Finally, let us show that if system (2) has a second heteroclinic orbit to \(S_{0}\) and \(S_{+}\), then it coincides with \(\gamma ^{+}\).

Suppose \(\phi _{t}^{1}(q_{0})\) is a solution of system (2) that

$$\begin{aligned} \lim _{t \rightarrow -\infty }\phi _{t}^{1}(q_{0}) = s_{-}^{1}, \lim _{t \rightarrow \infty }\phi _{t}^{1}(q_{0}) = s_{+}^{1}, \end{aligned}$$

where \(s_{-}^{1}\) and \(s_{+}^{1}\) satisfy \(\{s_{-}^{1}, s_{+}^{1}\}=\{S_{0},S_{+}\}\). Since V is decreasing, one has \(V(s_{-}^{1}) \ge V(\phi _{t}^{1}(q_{0})) \ge V(s_{+}^{1})\) and \(V(S_{0}) > V(S_{+})\). Therefore, one obtains \(s_{-}^{1}=S_{0}\) and \(s_{+}^{1}=S_{+}\), i.e.,

$$\begin{aligned} \lim _{t \rightarrow -\infty }\phi _{t}^{1}(q_{0}) = S_{0}, \lim _{t \rightarrow \infty }\phi _{t}^{1}(q_{0}) = S_{+}. \end{aligned}$$

It follows from Proposition 5.1(ii) that \(\phi _{t}^{1}(q_{0}) = \gamma ^{+}\).

Since system (2) is symmetrical with respect to the z-axis, \(\gamma ^{-}\) is another unique heteroclinic orbit to \(S_{0}\) and \(S_{-}\). Figure 10 verifies the correctness of the theoretical result. Thus proof is completed. \(\square \)

Figure 10

Heteroclinic orbits to \(S_{0}\) and \(S_{\pm }\) of system (2) for \((a,b_{1},b_{2},b_{3},b_{4},c)=(3,2.5, -7, -1,1,7)\) and initial values \((x_{0}^{',''}, y_{0}^{',''}, z_{0}^{',''})=(\pm 1.382\times 1e^{-6}, \pm \frac{5.5}{3}\times 1.382\times 1e^{-6}, \frac{6.05}{9}\times 1.382\times 1.382\times 1e^{-12})\) on the unstable manifolds of \(S_{0}\), i.e., the \(W^{u}_{loc}(S_{0})\) characterized in Proposition 4.3.

Remark 5.3

It follows from Proposition 5.2 that the special case of system (2), i.e., the one (1) has not heteroclinic orbits to \(S_{0}\) and \(S_{\pm }\) for \(b_{2} = b_{4} = 0\).
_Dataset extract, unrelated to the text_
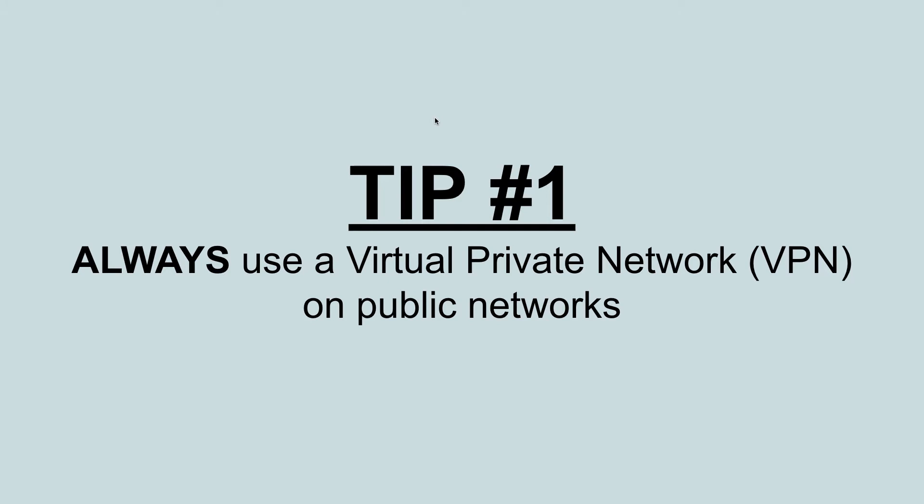Tip number one: always use a VPN, or virtual private network, when on public networks. Public networks are those such as networks you connect to at coffee shops, hotels, airports, doctor's offices — places where all you have to do is agree to their terms when you connect. A little section pops up with their terms and conditions, you press accept and you connect. They don't have any kind of password or encryption for their network, so all the data going through their network is unencrypted.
How to prove the existence of heteroclinic orbits of system (1) will be our future work, if they exist. Compared with other Lorenz-like systems^{14,37,38,42,43,47,48,50,51,52,53,54,55,56,57,58,59,60}, it is more difficult to construct the Lyapunov function for system (2) with more nonlinear terms.

Conclusions

This note reports a new 3D cubic Lorenz-like system, which contains the existing one as special cases and generates rich dynamics, such as generic and degenerate pitchfork bifurcation, Hopf bifurcation, infinitely many singularly degenerate heteroclinic cycles with nearby Chen-like attractors, etc. Using Lyapunov functions, we prove that the parabolic type equilibria are globally exponentially asymptotically stable, and there exists a pair of heteroclinic orbits to the origin and two symmetrical equilibria.
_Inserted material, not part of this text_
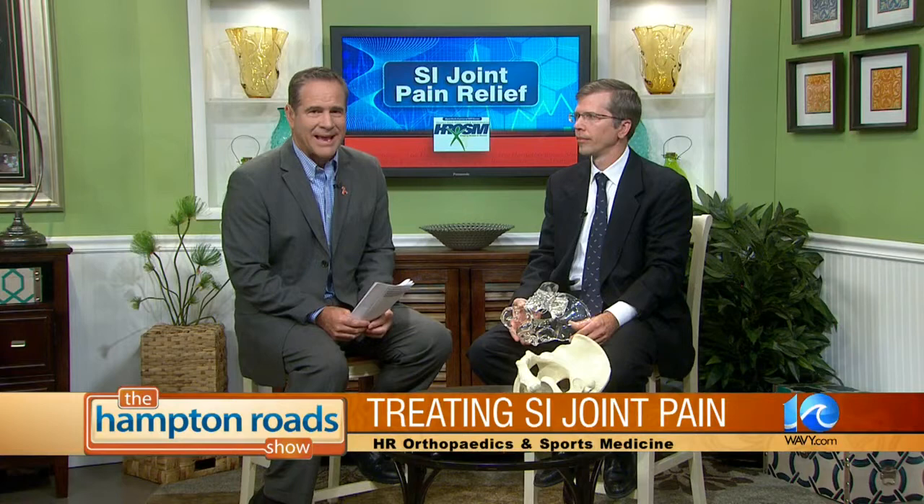How does a person with lower back pain know that their pain is generated from the SI joint? The number one way is to go to their orthopedic surgeon and get diagnosed. Most people, though, can feel the pain sort of off the back side of their spinal area — a pinpoint area where you feel that bony prominence back there.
In future work, other important dynamics of that system, such as homoclinic orbit, invariant algebraic surface, positively invariant set, the forming mechanism of chaotic attractor and so on, require further analytical descriptions to complete its mathematical treatment. We also hope that the basic ideas and the self-contained approach presented in this paper can be applied to explore other similar chaotic/hyperchaotic systems, i.e.,

$$\begin{aligned} \left\{ \begin{array}{ll} \dot{x}&{}=a(y - x),\\ \dot{y}&{}=b_{1}y+b_{2}yz+b_{3}xz+b_{4}x^{2}y+p_{1}w, \\ \dot{z}&{}= -cz + y^{2},\\ \dot{w}&{}= q_{1}w + q_{2}y, \end{array}\right. \end{aligned}$$

(16)

$$\begin{aligned} \left\{ \begin{array}{ll} \dot{x}&{}=a(y - x),\\ \dot{y}&{}=b_{2}yz+b_{3}xz+b_{4}x^{2}y+p_{1}w, \\ \dot{z}&{}= -cz + y^{2},\\ \dot{w}&{}= q_{1}w + q_{3}x, \end{array}\right. \end{aligned}$$

(17)

$$\begin{aligned} \left\{ \begin{array}{ll} \dot{x}&{}=a(y - x),\\ \dot{y}&{}=b_{1}y+b_{2}yz+b_{3}xz+b_{4}x^{2}y+p_{1}w+p_{2}x, \\ \dot{z}&{}= -cz + y^{2}+xy,\\ \dot{w}&{}= q_{1}w + q_{2}y + q_{3}x, \end{array}\right. \end{aligned}$$

(18)

where \(a \ne 0\), \(c, b_{i}, p_{1}, p_{1}, p_{2}, q_{1}, q_{2}, q_{3} \in \mathbb {R}\), \(i=1, 2, 3, 4\), etc. Preliminary studies show that there might exist chaotic/hyperchaotic attractors, generic and degenerate pitchfork bifurcation, Hopf bifurcation, singularly degenerate heteroclinic cycles, globally exponentially asymptotically stable parabolic type equilibria, a pair of heteroclinic orbits to the origin and two symmetrical equilibria in system (16–18). We also guess that the dynamics also exist in higher dimensional analogues.